The recommended way to handle this is to concatenate your values using a pre-processor within CluedIn so that you are not running this calculation at query time, but rather at indexing time.
To do this, create a pre-processor and have your logic to take entities and combine properties together into a new value.

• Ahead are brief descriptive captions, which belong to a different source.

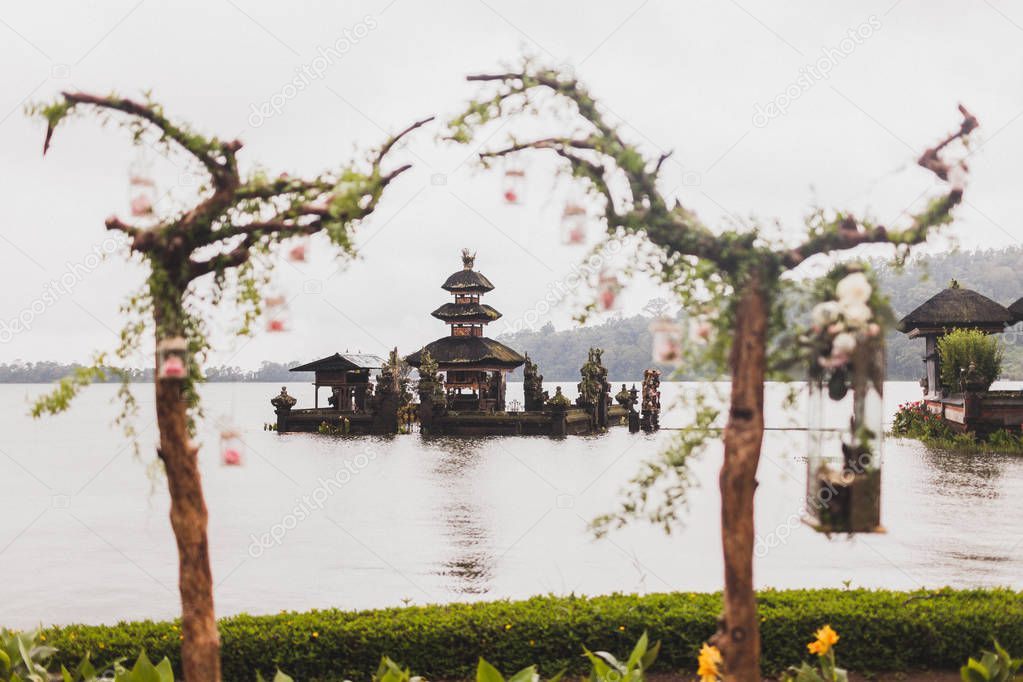 Wedding ceremony at Ulun Danu Bratan temple in Bali. Decorated with wood, flowers and vintage lamps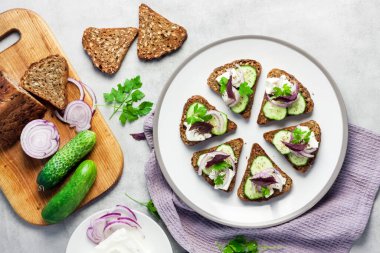 Kızarmış ekmekli kanepeler, ayçiçeği ve keten tohumları, feta peyniri, salatalık ve soğan.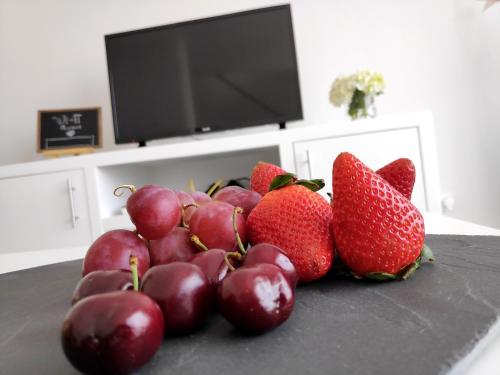 a pile of strawberries and grapes on a table at House Seven in Horta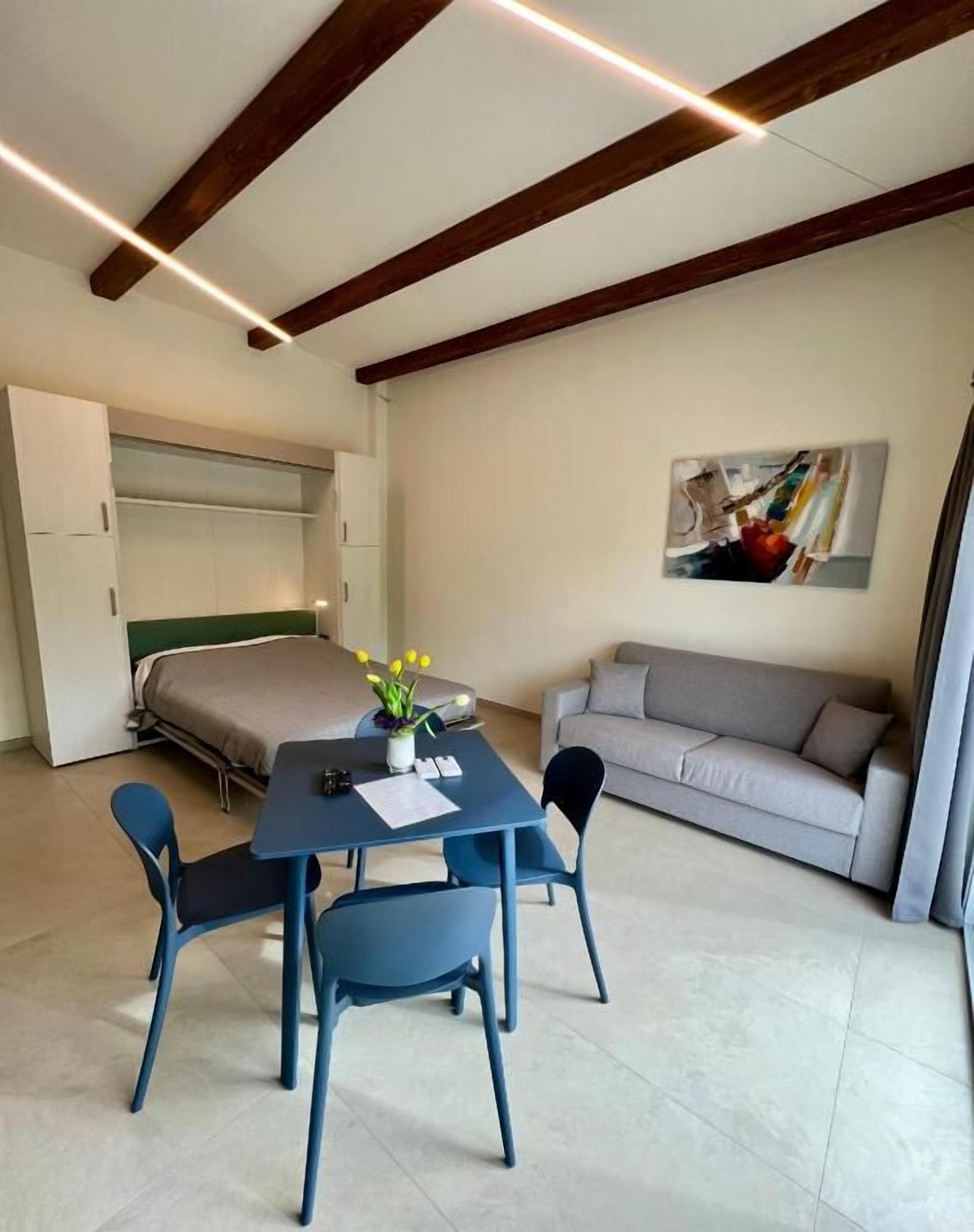 Una habitación compacta con cama, sofá, mesa de comedor con sillas y un cuadro en la pared.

For example if you were wanting to see if the organization.name, organization.website and organization.employeeSize was the same then you would create a new Vocabulary called combined.organization.keys and you would concatenate the values together of the 3 keys into one.
You then can use the code above and instead of using organization.name as your field, you can use your new combined.organization.keys.
You will most likely also want to support the case where this data changes and that this field also gets changed in that process. For this, implement a post-processor with the same logic. This will take care of the situations where you Clean data in CluedIn Clean and if one of those 3 values is update, you would also want to update the combined key as well.